だからこそ、人は「100ポンドやせる方法」「100万ドル稼ぐ方法」「100万回ダウンロードを達成する方法」をうたう書籍やセミナーが好きなのだ。大きな夢を描くことは楽しい。実際、夢には人を行動に向かわせる力がある。

だが、遠い将来の大きな夢のことばかりを考えていると逆効果が生じる。夢を実現できそうな未来があまりにも遠くにあるので、気持ちがくじけ、実現する前に途中で諦めてしまうのだ。

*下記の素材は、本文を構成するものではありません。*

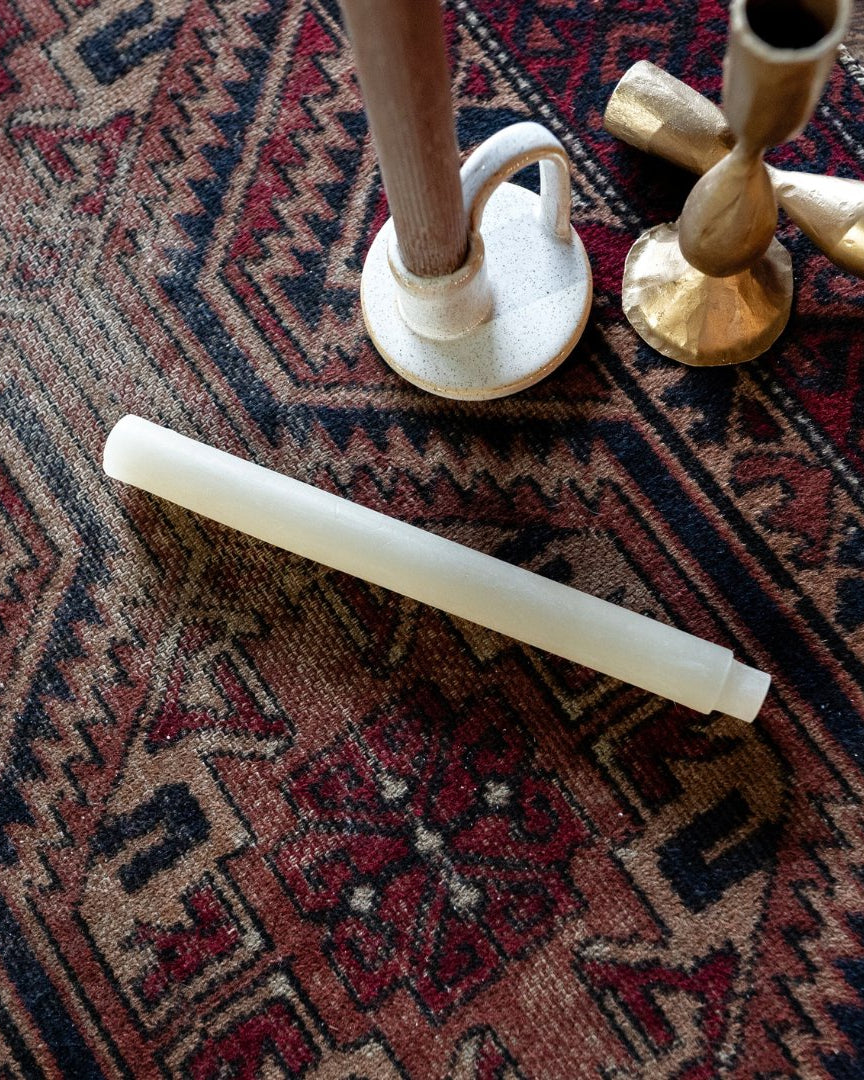 Powder Taper Candle Tall Multiple Colors - Candles & Scents - Hello Norden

大きな夢の実現に情熱を抱きつつ、小さなステップを現実的に計画するにはどうすればよいのだろう? その答えは、「夢」「目標」「ステップ」の違いと、それが心に及ぼす影響を理解することにある。まずは、“小さい”という概念に注目してみるところから始めよう。

どれくらい小さければ、“小さい”のか

私たちは、「自分は小さなステップで目標を目指している」と考えている。だが、実際にはそのステップは十分に小さくはないことが多い。“小さい”という概念は主観的なものだ。身の回りにいる5人に、ある物事を達成するために必要なステップをすべて挙げてもらえば、それぞれのステップの大きさは異なっているはずだ。

目標達成のためのステップを計画したが、それが十分に小さくないというケースは多い。そこで私は、誰でも簡単にステップを十分に小さくできる、「はしごモデル」を開発した。これは「ステップ」「目標」「夢」の3つの要素から成っている。

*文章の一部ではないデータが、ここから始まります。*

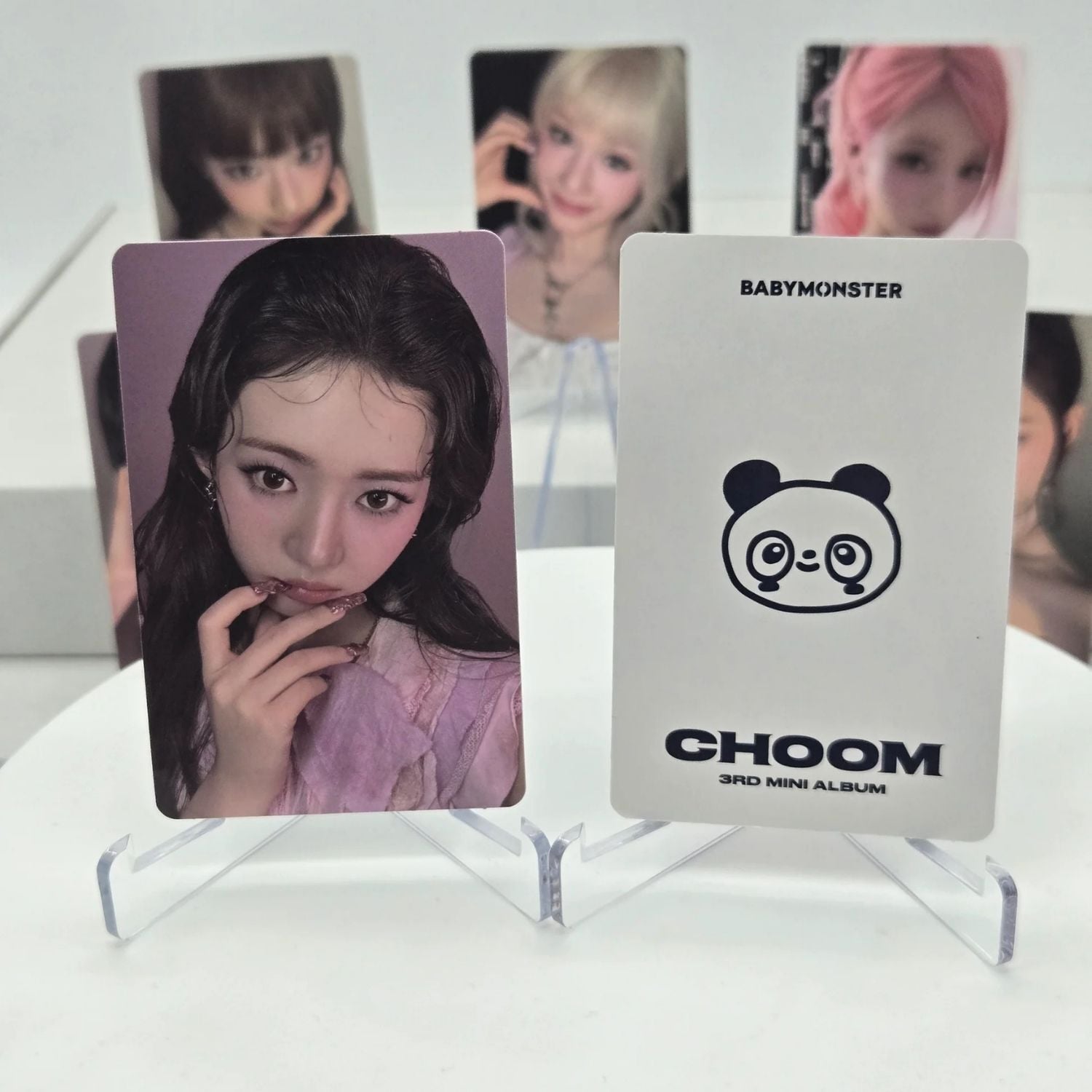 BABYMONTER Rora '' Choom '' Apple Music POB Photocard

ステップの大きさは、夢と目標のどちらを意識しているかによって変わる。夢は目標よりも大きく、一般的には達成に3カ月以上かかる、初挑戦のものが対象になる。

例えば、アプリ開発者にとっての念願である100万回ダウンロードだ。夢を持ち、折に触れて思い出すのは意欲を保つために重要だ。だが、夢ばかり考えていると、逆に達成を諦めやすくなってしまう。何かを達成したければ、夢ではなく目標に集中すべきなのだ。